Implementing HA and DR for SQL Server Always-On Failover Cluster Instance using Amazon FSx for NetApp ONTAP

One of the most difficult challenges organizations face today is ensuring data availability and accessibility across their locations. Maintaining high availability and accessibility for SQL Server databases across different AWS Regions is a top data protection requirement for enterprises considering moving to the cloud.

Amazon FSx for NetApp ONTAP offers a quick way to fail over your SQL Server environment to a different AWS Region in order to meet recovery time objective (RTO) and recovery point objective (RPO) requirements. FSx for NetApp ONTAP is a storage service that allows customers to launch and run complete, fully managed ONTAP file systems in the cloud. With this service, you can build a highly-available SQL Server Always-On Failover Cluster (FCI) architecture, as explained in the SQL Server High Availability Deployments Using Amazon FSx for NetApp ONTAP post in detail. In addition to high availability, customers across different industry verticals are looking for business continuity and disaster recovery strategies for their business-critical workloads.
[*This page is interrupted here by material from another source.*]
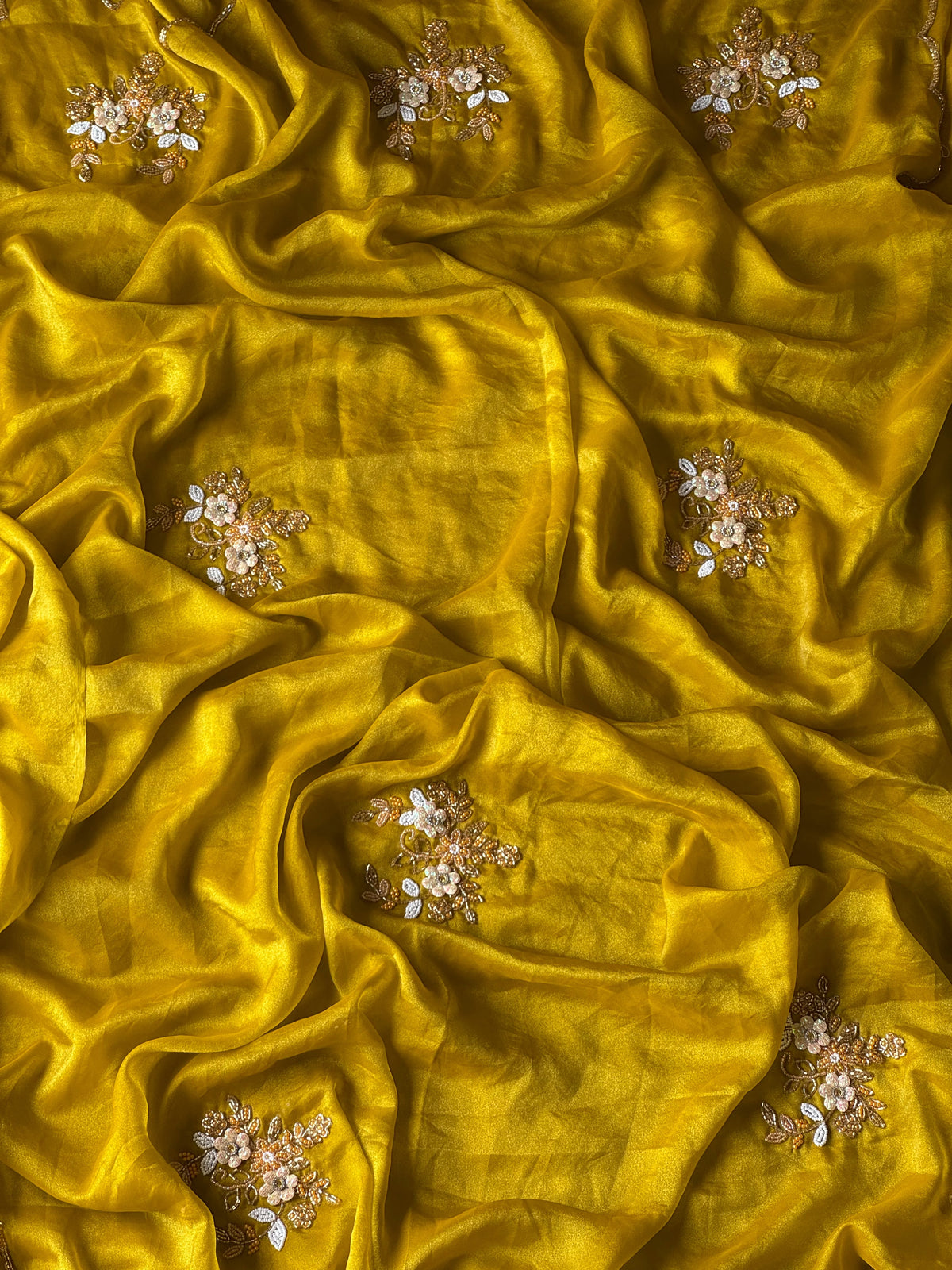 Penelope Handwork Saree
In this post, we explain the architecture pattern that you can follow to design a High Availability and Disaster recovery (HADR) SQL Server Failover Cluster Instance architecture. This solution spans two AWS Regions and leverages NetApp SnapMirror’s native data replication capabilities within the FSx for NetApp ONTAP file system to enable data replication.

Solution overview

We will demonstrate how to evaluate FSx for NetApp ONTAP’s SnapMirror capability for consistency, performance, and reliability to meet our business outcome. To demonstrate how we can achieve the defined RPO of < 10 mins & RTO < 1 hour, we prepare both of the environments: the primary site in US East (North Virginia), us-east-1, and a warm standby disaster recovery site (us-east-2). The architecture is designed to support recovering Microsoft SQL Server user databases running in the FSx for ONTAP volume using SnapMirror replication to meet low RPO and RTO objectives. To implement this solution, we recommend that you have a good understanding and basic familiarity of NetApp data management capabilities. The following diagram illustrates the solution architecture:

Figure 1: Multi-region FSx for NetApp ONTAP with SnapMirror replication for SQL Server DR

Prerequisites

Prepare both the primary and DR site environment as mentioned in the following in any of your preferred and FSx for NetApp ONTAP supported AWS Regions.

In our example setup, we use the US East (North Virginia and Ohio) AWS Regions.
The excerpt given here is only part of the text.